Dr. Elizabeth Kolmstetter is a nationally recognized Industrial-Organizational Psychologist, SIOP Fellow, and National Academy of Public Administration Fellow whose career has focused on applying rigorous assessment science to high-stakes federal hiring, selection, and talent systems. Across more than three decades and nine federal agencies, she has designed, validated, defended, and modernized assessment and selection systems in mission-critical environments, including law enforcement, national security, intelligence, international development, space exploration, and cybersecurity. She has served in senior executive roles at CISA, NASA, ODNI, CIA, USAID, TSA, and OMB, advancing competency models, hiring flexibilities, leadership assessment, workforce planning, and future-ready talent systems.

Dr. Kolmstetter was the FBI’s first I-O Psychologist, where she implemented a new Special Agent Selection System and validated selection systems for Hostage Rescue Team operators, SWAT team members, intelligence analysts, and supervisory special agents. After 9/11, she helped stand up the Transportation Security Administration, leading the assessment and hiring system for the largest civilian workforce mobilization in U.S. history: processing more than 2 million applicants, testing over 340,000 candidates, and hiring more than 55,000 security screeners at 430 airports in under one year.
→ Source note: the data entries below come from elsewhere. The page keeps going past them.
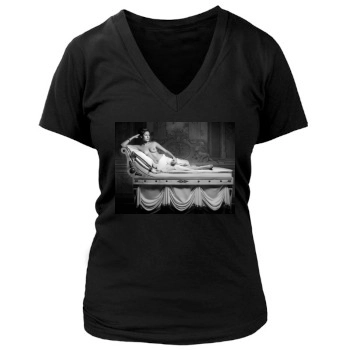 Eva Mendes Women's Deep V-Neck TShirt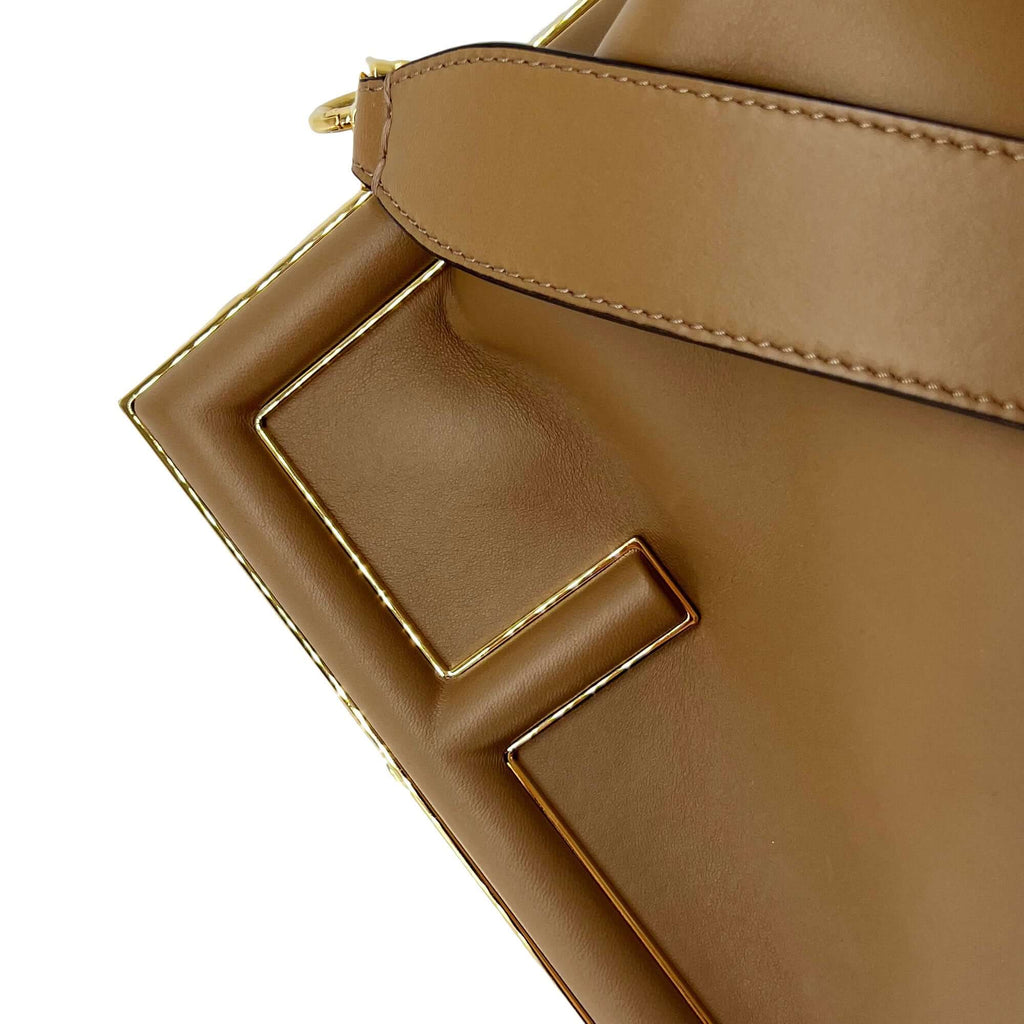 Fendi first medium clutch bag beige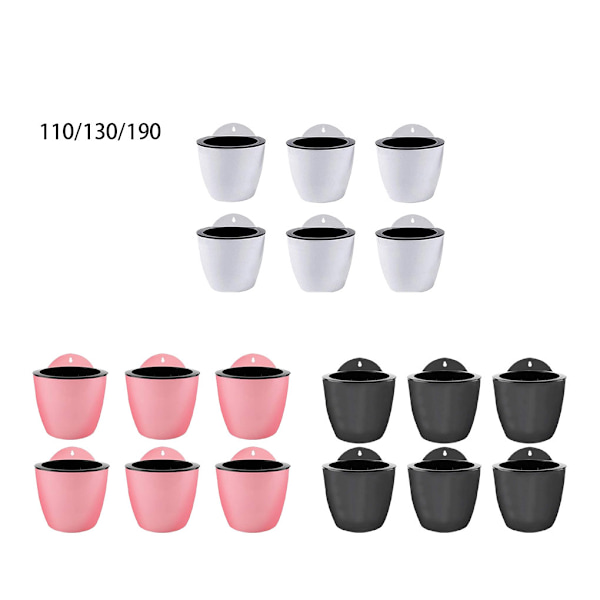 7-pack/lot Premium Resin självvattnande växtblomkruka Snygg Gray-black 110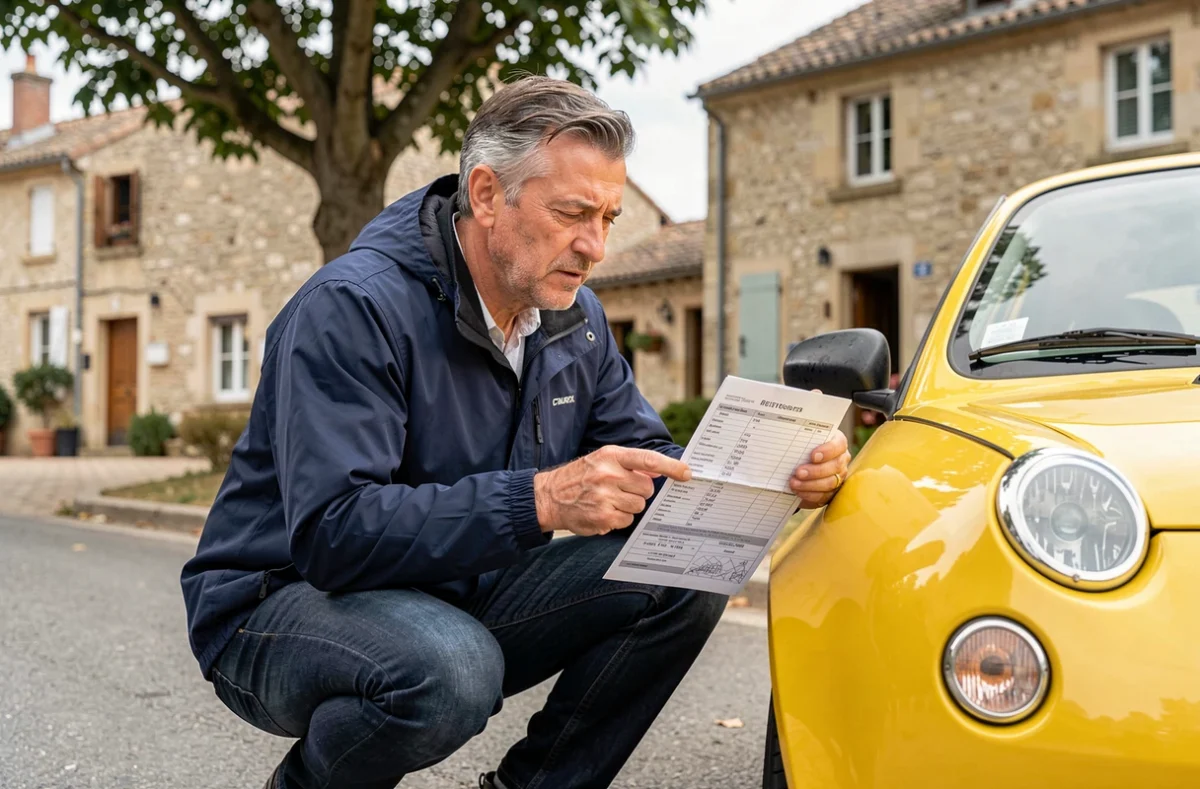 Homme consultant la carte grise d'une voiture sans permis pour vérifier la cylindrée
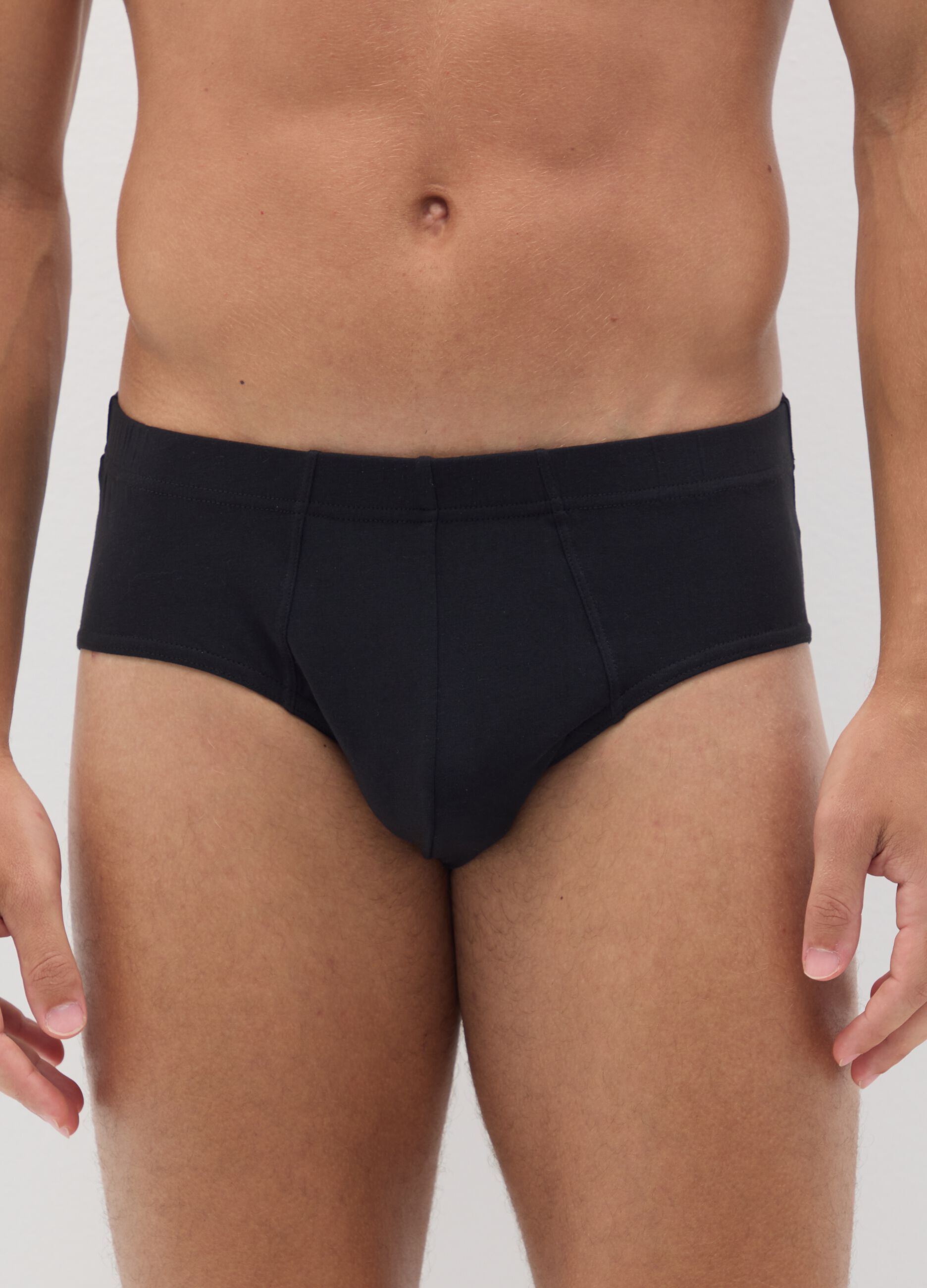 Black Cotton Regular Fit Briefs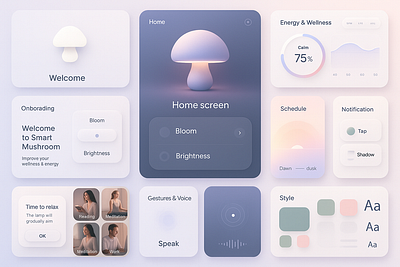 Serene Smart Mushroom Lamp UI Design graphic design iot ui smart lamp ui ux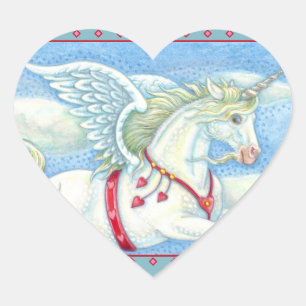 STICKER CŒUR COEURS DE VOL UNICORN BLANC, IMAGINAIRE PEGASUS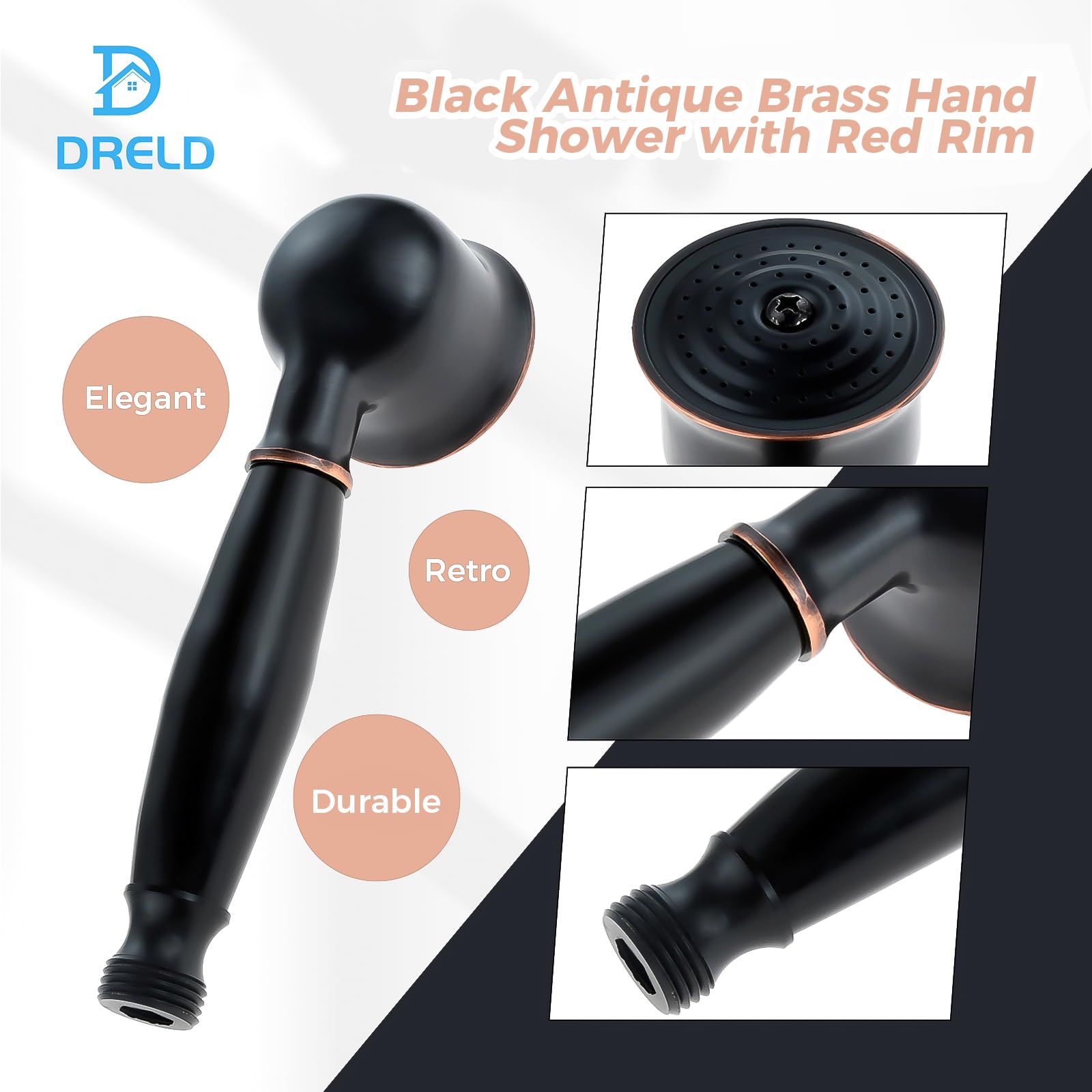 DRELD 1 soffione doccia retrò in ottone nero, doccetta vintage da bagno, doccetta resistente all'usura con stile telefonico, doccetta vintage rimovibile (17 cm di lunghezza, 5 cm di diametro della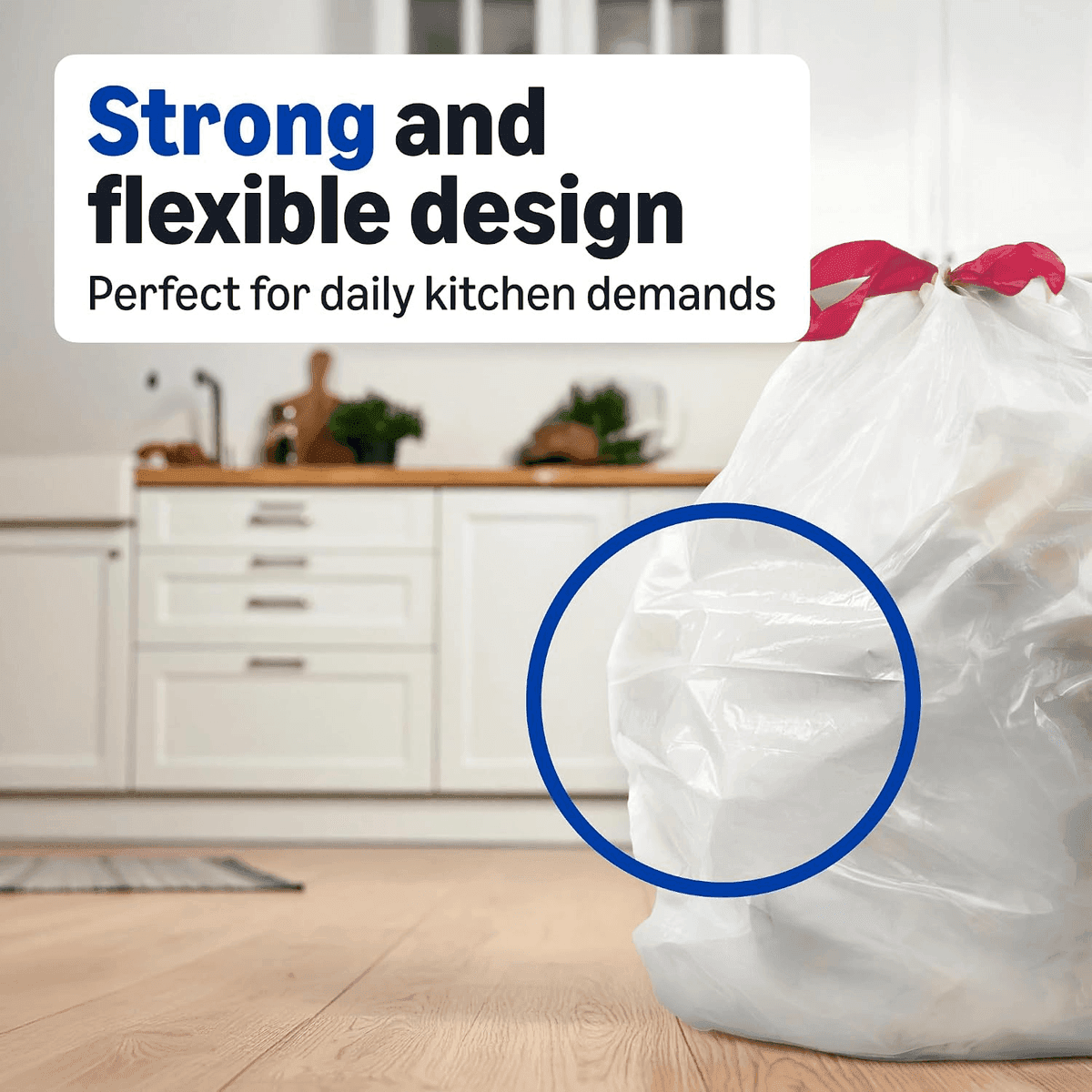 Amazon Basics 13-Gallon Drawstring Trash Bags - 120 Count image 3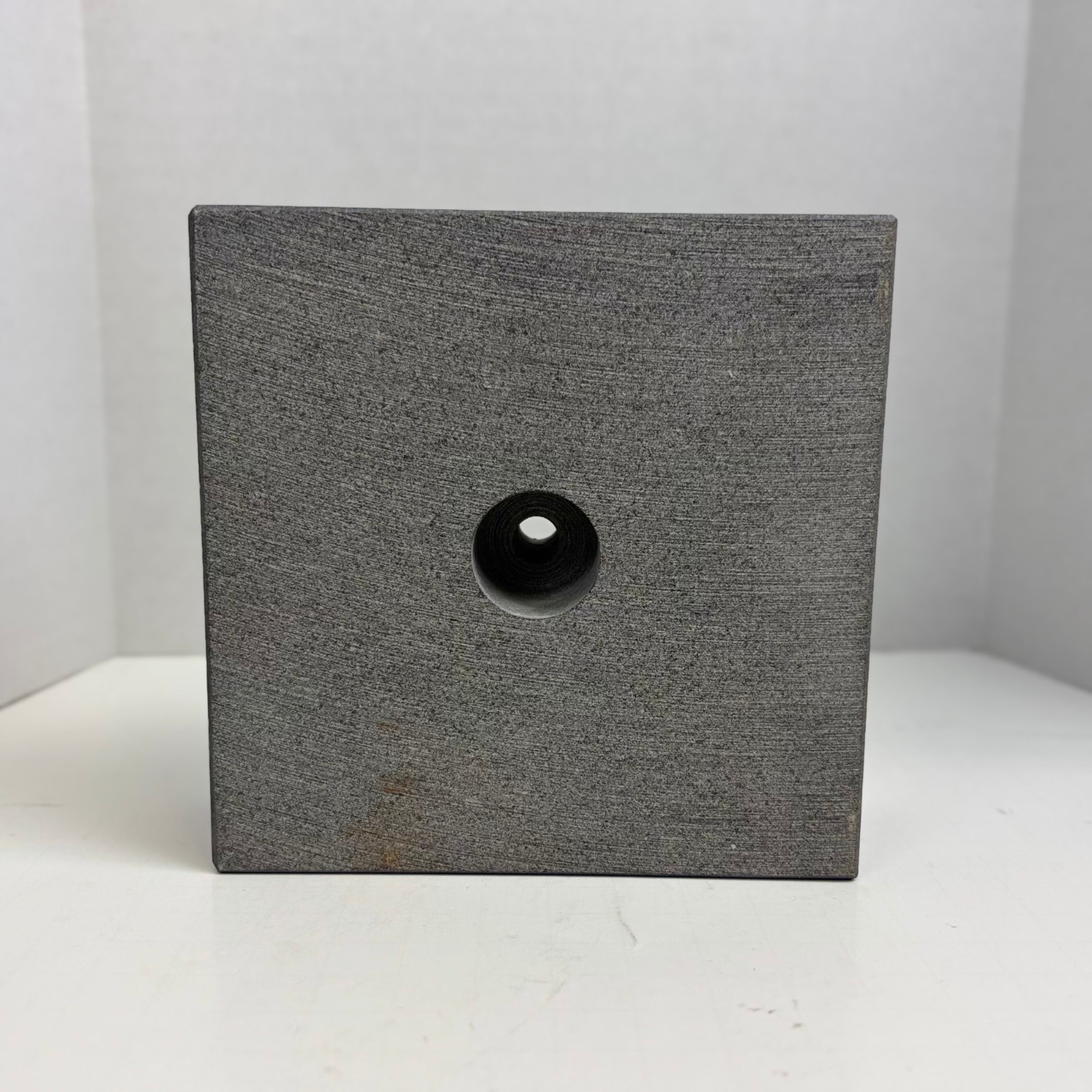 Premium Black Marble Display Base with Center Mount Hole – Polished Stone Pedest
That work received SIOP’s M. Scott Myers Award for Applied Research in the Workplace.

Today, she is an independent consultant and is also serving as a Workforce Futures Fellow with Democracy Forward, she leads the Reimagining Federal Hiring initiative to design evidence-based, modern hiring reforms for the future federal workforce. Her contributions to applied I-O psychology have just been recognized with SIOP’s 2026 Distinguished Professional Practice Contributions Award.